C++ Adding Two 16 bit binary numbers together

Question

I am trying to add two 16 digit binary numbers together. Each binary number will have been entered by the user and saved as: int binaryOne[16] and int binaryTwo[16]. Originally,

int binaryOne[16] = {0,0,0,0,0,0,0,0,0,0,0,0,0,0,0,0};
int binaryTwo[16] = {0,0,0,0,0,0,0,0,0,0,0,0,0,0,0,0};

are the values declared. Then, the user has the option to change these values using buttons that I implement before the Solution() function. So, once the used gets to the Solution() function, the numbers may be stored as:

int binaryOne[16] = {0,0,0,0,0,0,0,0,0,1,0,0,0,0,0,1};
int binaryTwo[16] = {0,0,0,0,0,0,0,0,0,0,0,0,0,0,0,1};

This is what I have so far:

void Solution() {
  /*
    Rule of binary addition:
    0 + 0 = 0
    1 + 0 = 1
    0 + 1 = 1
    1 + 1 = 1 and carry = 1
   */
   lcd.clear();
   lcd.setCursor(0,0);
   lcd.print("Solution");
   lcd.setCursor(0,2);





    int a[16] = binaryOne[16];
    int b[16] = binaryTwo[16];
    int i = 0;
    int remainder = 0;
    int sum[32];

    while(a[16] != 0 || b[16] != 0){
      sum[i++] = (a[16] % 10 + b[16] % 10 + remainder) % 2;
      remainder = (a[16] % 10 + b[16] % 10 + remainder) / 2; 
      a[16] = a[16] /10;
      b[16] = b[16] / 10;
    }
    if(remainder != 0){
      sum[i++] = remainder;
    }
    i--;
    while(i>=0){
      lcd.print("%d", sum[i--]);
   }
   return 0;
}

I believe I am doing something wrong with calling the arrays since I am renaming them to a[16] and b[16] within this function. I'm also curious, since I only have 16 bits of space on the screen, what if the user enters a binary number such as 1111111111111111 + 1000000000000000 and therefor there is going to be a carry on that first digit? Would it be best just to have an error message?

Answer 1

You're making a mountain out of a molehill.

You're trying to manually manipulate binary digits in an array, but C can already manipulate binary digits. Everything is binary already - you just need to represent it as such.
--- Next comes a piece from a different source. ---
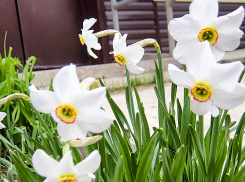 Синоптики отменили дождь в субботу 22 апреля в Камышине, но +17 не отменили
All you need to do is convert the contents of your array into an actual number, then do simple mathematics on that number. One of the simplest ways of doing that is to shift the bits into a variable:

For instance:

int binaryOne[16] = {0,0,0,0,0,0,0,0,0,1,0,0,0,0,0,1};
int binaryTwo[16] = {0,0,0,0,0,0,0,0,0,0,0,0,0,0,0,1};

uint16_t binOne = 0;
uint16_t binTwo = 0;

for (int i = 0; i < 16; i++) {
    binOne <<= 1;
    binOne |= binaryOne[i];
    binTwo <<= 1;
    binTwo |= binaryTwo[i];
}

Now you can add them together, since they're just numbers:

uint32_t result = binOne + binTwo;

And you can output it as binary:

Serial.println(result, BIN);

If you want to convert back into an array again (why?!) you can just do the opposite as before:

bool resultBin[32];

for (int i = 0; i < 32; i++) {
    resultBin[i] = (result & (1 << (31-i))) ? 1 : 0;
}

Answer 2

A few issues here:

1. The way you “rename” the arrays is wrong, and furthermore there is no point in doing such renaming.
2. There is no reason to divide by 10 (ten, in decimal) within your code: as everything you do is binary, the number ten has nothing to do with what are trying to accomplish.
3. While doing the addition, you forgot to loop over the bits.
4. You shouldn't return 0 in a function of type void. In fact, you shouldn't return any value.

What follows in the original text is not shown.